> **Short text fragments from websites**:
<<<<

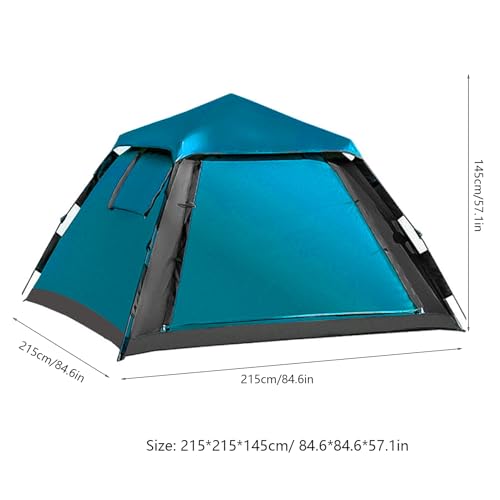 Carpa automática para camping 3-4 personas resistencia al agua miniatura 6
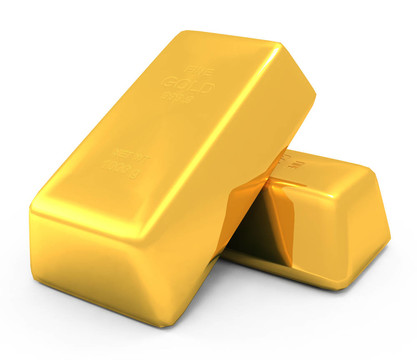 三維金條和硬幣
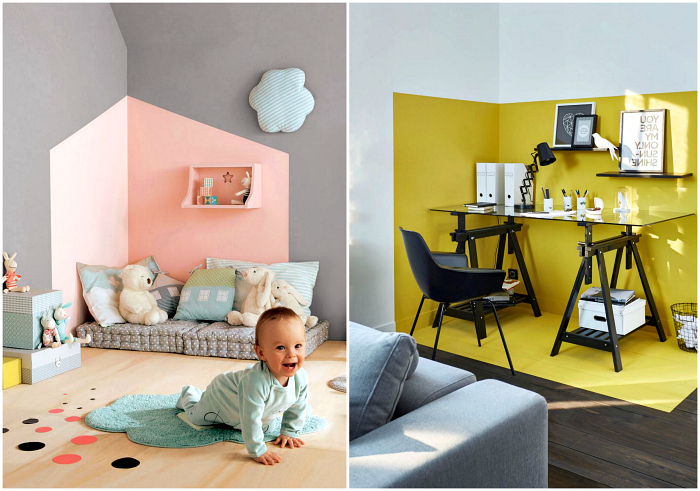 18 крутых идей, которые помогут оживить интерьер при помощи краски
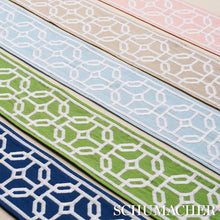 Load image into Gallery viewer, Schumacher Gazebo Trellis Tape Trim 83651 / Navy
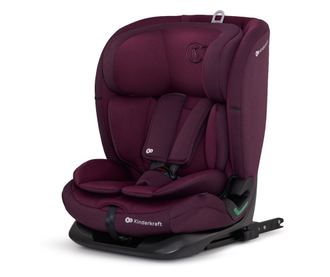 SJEDALICA ZA AUTOMOBIL KINDERKRAFT ONETO3 I-SIZE, 76-150 CM, CHERRY PEARL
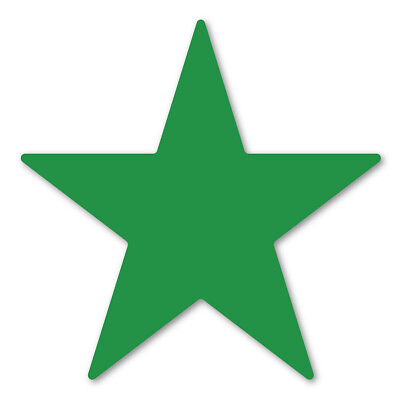 #ad Dark Green Star Magnet $2.99
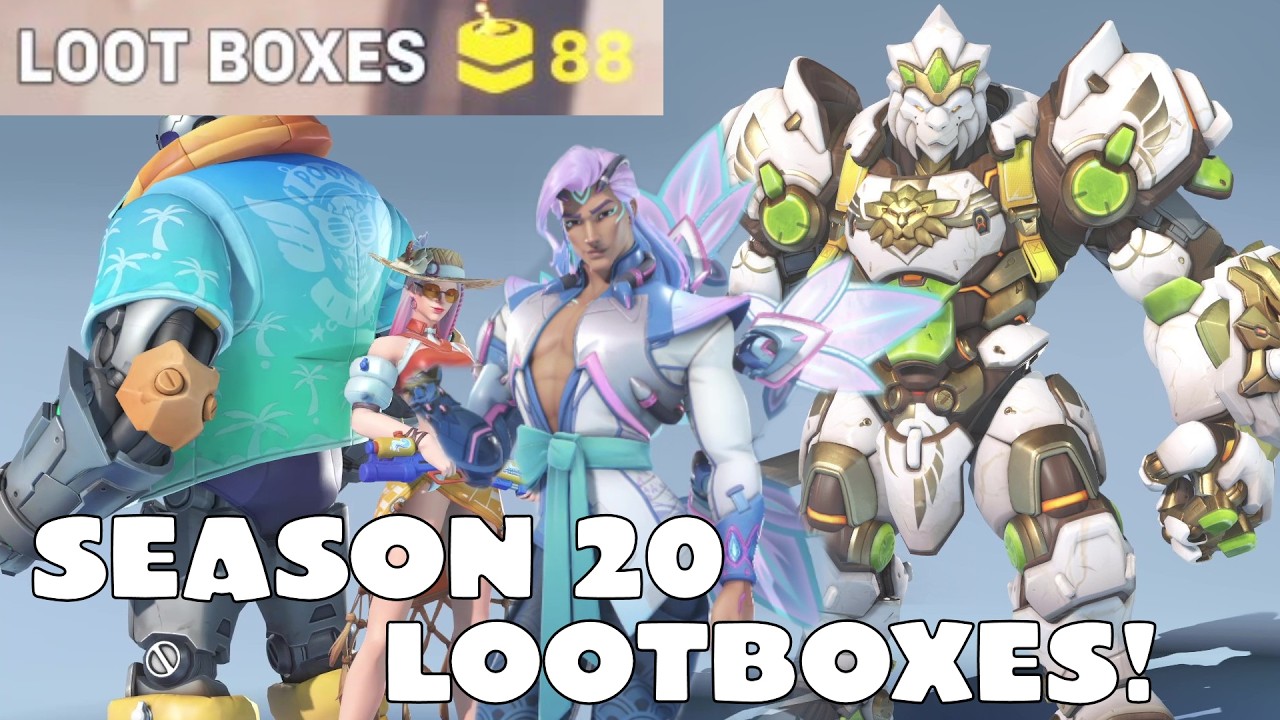 Overwatch 2 Loot Box opening - 88 Boxes!!! - Season 20 #overwatch2 #lootboxes #legendary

>>>>

> **Problem details**: Nothing but the lines from the first line of the records above to the line with "SJEDALICA ZA AUTOMOBIL", inclusive, should be transcribed exactly, and the pictures must be left out.

> **Answer section**:
 Carpa automática para camping 3-4 personas resistencia al agua miniatura 6
 三維金條和硬幣
 18 крутых идей, которые помогут оживить интерьер при помощи краски
 Load image into Gallery viewer, Schumacher Gazebo Trellis Tape Trim 83651 / Navy
 SJEDALICA ZA AUTOMOBIL KINDERKRAFT ONETO3 I-SIZE, 76-150 CM, CHERRY PEARL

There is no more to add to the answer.